The 4 biggest social media mistakes advisors make
It seems like every week a new social media platform is born. Snapchat, Periscope, Instagram, Pinterest...the list goes on. Every platform has its own norms, rules of conduct and audience. This is just one of the reasons why so many advisors are hesitant to join social media. And when they do, they don’t see the results they were expecting. To help you on your journey to social media mastery, avoid these four major social mistakes.
1. Worrying About Posting Too Much.
A vast majority of advisors worry about overwhelming their audience and saturating their social media feeds with irrelevant content. While this is a valid concern in some cases, the majority of advisors aren’t at risk of posting too much.

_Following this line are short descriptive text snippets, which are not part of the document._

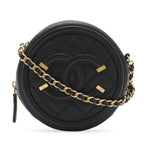 Chanel CC Filigree CC Logo Round Chain Shoulder Bag Pochette Caviar Leather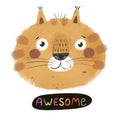 Awesome. cartoon cat, hand drawing lettering. colorful flat style illustration for kids.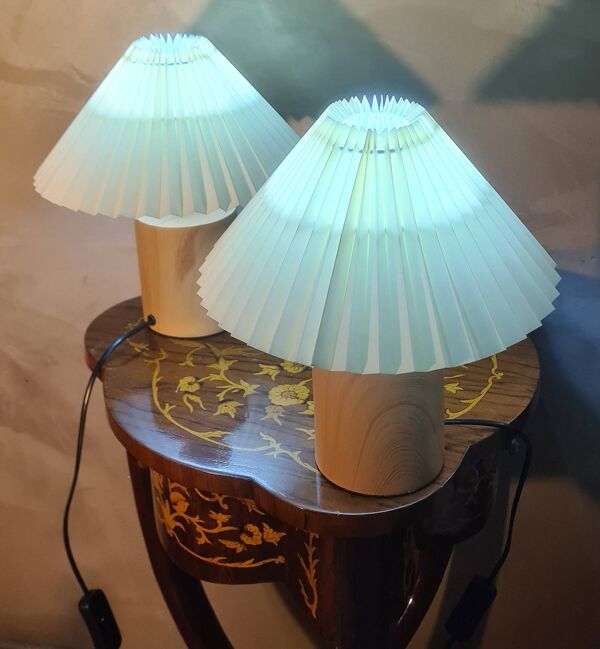 paire de lampes de chevet  bois massif scandinave design 31x25 elec changer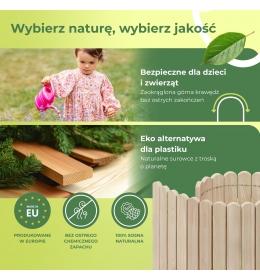 Drewniane obrzeże ogrodowe o wymiarach 30 x 200 cm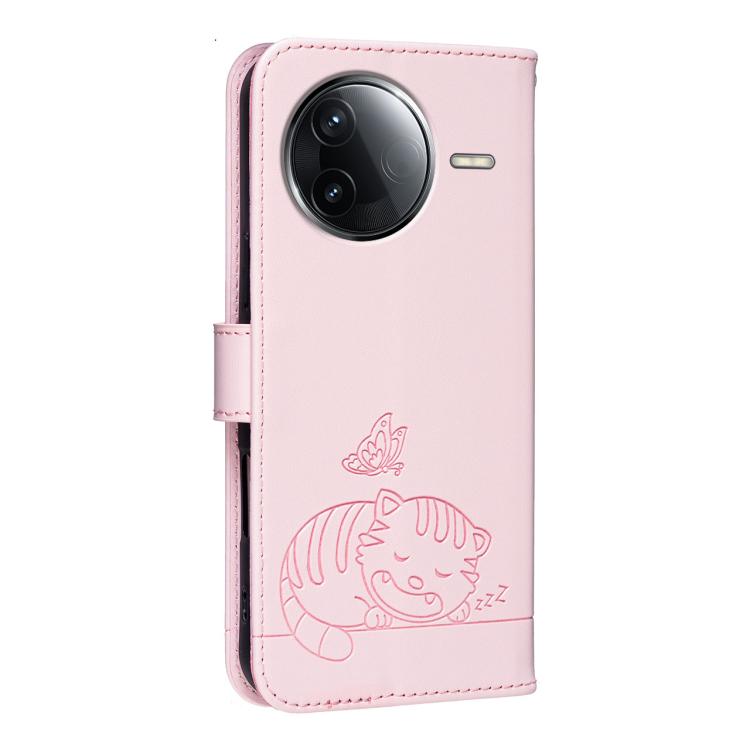 For Redmi K80 Cat Butterfly Embossed RFID Vegan Leather Phone Case with Strap
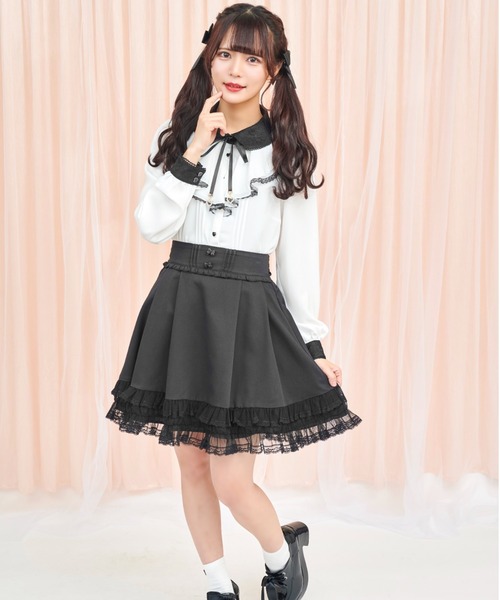 Secret Honey（シークレットハニー）の「裾シアータックフレアスカート（スカート・レディース・ブラック/ピンク/グレー・MEDIUM）」の6枚目の写真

You’ll see greater results with 50 engaged and active followers than 10,000 uninterested strangers and spam accounts.
First, consider what too much looks like to you. One of the beauties (and possible curses) of social media is that every user is different. That means that one individual may think one post a week is too much, while others post several times each day. As a general rule, Twitter users post continuously throughout the day — as much as several tweets per hour. Facebook and LinkedIn users are more likely to post once each day or a few times per week. That being said, the actual amount that you post will depend on how much content you have and how high-touch you want your outreach to be.
More important is your cadence. Cadence is how regularly you post and your posting pattern on which your followers can count. It’s more important to maintain a rhythm rather than try to stick to social media rules for posting. Prospects would rather engage with an advisor who consistently posts twice a week on Facebook than someone who posts every day one week and then disappears for the next month.
2. Focusing on Gaining Followers
We all want to get noticed. If you’ve worked hard on your content marketing, you may assume that the more followers you have, the better. However, a good content marketing strategy is about more than just the numbers. You’ll see greater results with 50 engaged and active followers than 10,000 uninterested strangers and spam accounts.
It’s more important to maintain a rhythm rather than try to stick to social media rules for posting.
This is a relatively easy habit to kick. There are plenty of ways to find followers who are interested in what you have to say. For example, you can search hashtags on Twitter that relate to your practice, such as #financialadvisor or #wealthmanagement. On LinkedIn, you can join groups of like-minded individuals who would appreciate your posts, such as groups focused on maximizing their company 401(k) account, managing a tight budget or retiring early. You can encourage new clients and prospects to connect with you on social media, and your network will evolve into people who value your content.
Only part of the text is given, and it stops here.